_Source material_
<<<<
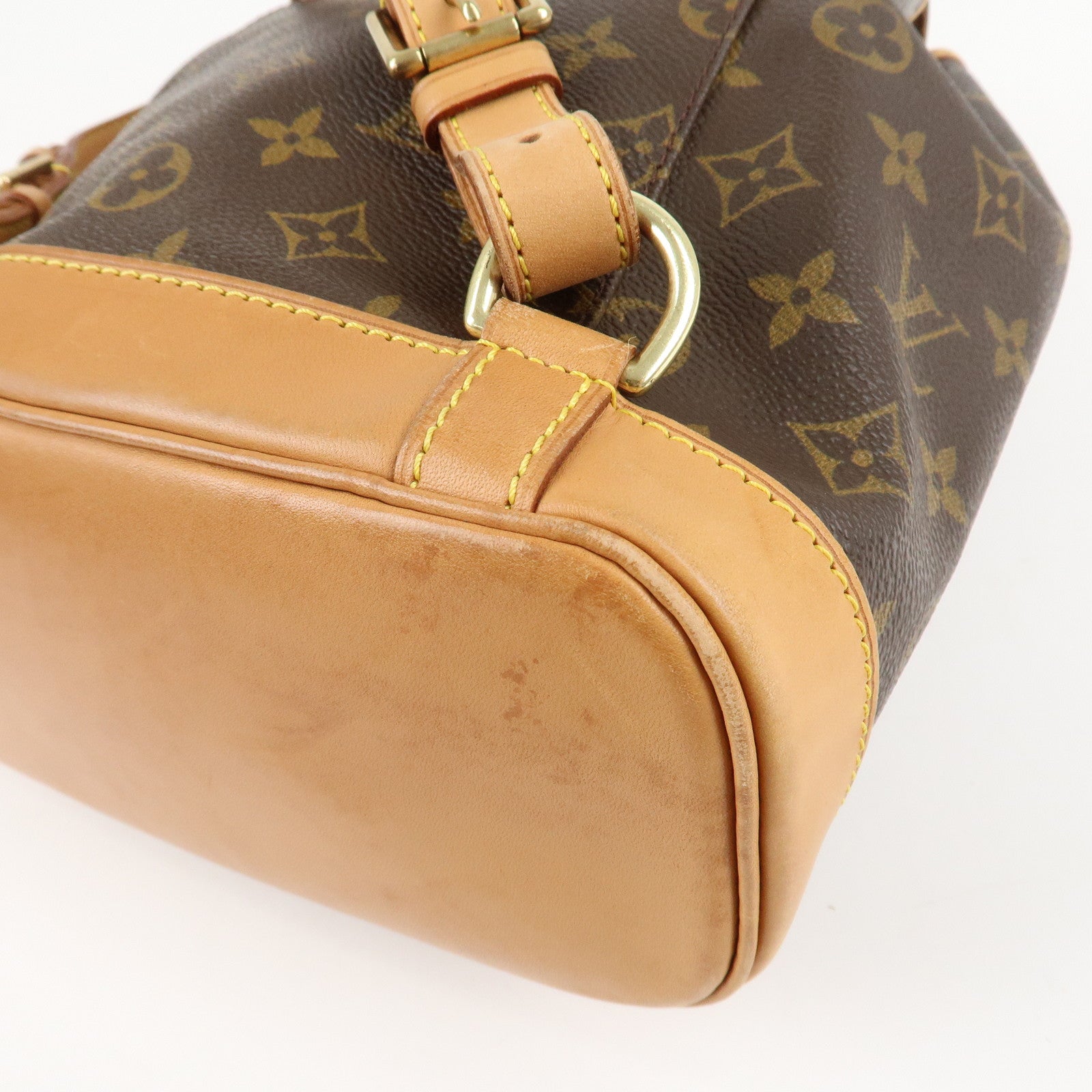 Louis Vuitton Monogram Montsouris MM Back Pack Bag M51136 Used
>>>>
<<<<
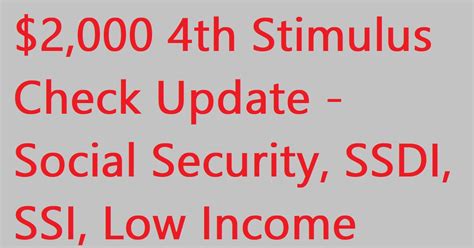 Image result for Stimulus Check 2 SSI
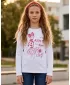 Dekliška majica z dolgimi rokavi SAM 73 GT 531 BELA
>>>>
_Problem to solve_
Take the lines above starting at the one containing "Image result for Stimulus Check 2 SSI" and ending at the one containing "Dekliška majica z", and print them again exactly, without pictures.

_Exercise output_
 Image result for Stimulus Check 2 SSI
 Dekliška majica z dolgimi rokavi SAM 73 GT 531 BELA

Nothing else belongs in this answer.